William Morgan is about to bust the biggest drug boss in California, Silas Botwin, who's been in the business for fifteen years, since his teens. But Morgan doesn't know what he's getting into.

He wakes up tied to a wooden chair, in a concrete room. There are boxes all around him, and he thinks they're probably filled with pot. After all, the biggest dealer in northern California must have a pretty big stash sitting around, ready to be shipped out.

To be honest, Will is pretty surprised he's been allowed to live this long. Silas Botwin has a rep for being more tolerant of law enforcement investigations than others, but Morgan just figures that was because the man was a freaking ghost. Sort of. He has credit cards and a birth certificate and everything, and a record from a few harmless incidents in his youth, but according to the official story, the man has cleaned up his act and become an upstanding citizen.

Y'know, except for the whole biggest-pot-dealer business.

William Morgan was a week away from busting Botwin big time. After a fifteen-year investigation, they finally have enough dirt on the man to put him away for the rest of his life, and half of his operation with him. Morgan has to admit; whoever Botwin has covering his tracks (and it can't be Botwin himself, because Silas' psych profile says he's reckless and sometimes careless) has done an excellent job. The DEA have had to bend the law in dubious ways multiple times just to get as far as they have.

And they still don't have him for pot dealing, just about a dozen other minor illegal things that add up to about fifty years in prison, by far long enough for his empire to crumble.

And then Will had been ambushed getting out of his car in front of his home. A bag thrown over his head, two people pickinghim up and putting him in a trunk, and then the car driving quietly away. It was pointless to struggle, because the lid wasn't going to pop open, but Morgan made as much noise as possible in the hopes that it would irritate his captors some.

And then something had happened, and he woke up in this warehouse. Or maybe it was a basement of some sort. Will can't see anything more than crates and shadows in the gloom. He is painfully aware of the duct tape keeping his wrists together behind the chair's back, and more tape holding his legs to the chair's.

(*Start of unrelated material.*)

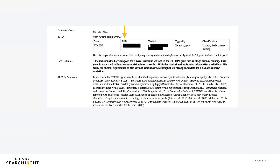Moving over to the next column here called cDNA — this is the DNA change, the exact place within the gene where the change happened. Then you see the column called variant. When the gene is turned into a protein, the variant is the location within the protein where the change happened. The cDNA and the variant are related and are two different ways to describe the same change within the gene.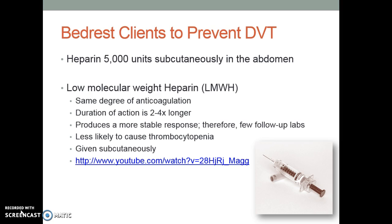For clients on bed rest, the focus is on DVT prophylaxis — preventing DVT formation and reducing the risk of pulmonary emboli. You'll see patients on heparin 5,000 units subcutaneously given in the abdomen, or a low molecular weight heparin, also known as Lovenox. It provides the same degree of anticoagulation, but lasts a little longer and is a little more stable. What they found with Lovenox is it was easier to send patients home on that medication. It is also given in subcutaneous form. There is a linked YouTube video demonstrating the procedure for giving subcutaneous Lovenox.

A light flares on overhead, but they have thankfully skipped the bare-bulb cliche and gone with a standard covering. As his eyes adjust to the bright light, Morgan can see a figure approaching. Finally the light fades to normal intensity, and he sees that it is Silas Botwin himself. Will doesn't know exactly what is coming, but he's sure he's not going to like it.

"William Morgan." The thirty-two-year-old man says, arms folded, lazily. "You have a wife, don't you? And a kid, Steven was it?" He starts to speak in a conversational tone of voice. Like he hasn't just practically threatened Will's family.

Morgan feels cold all over, and it's not because of the temperature in the room. "Leave them out of this." And he just barely holds back 'please'.

Silas, the bastard, smirks at him. "Contrary to popular belief," He drawls out. "All drug dealers are not heartless bastards."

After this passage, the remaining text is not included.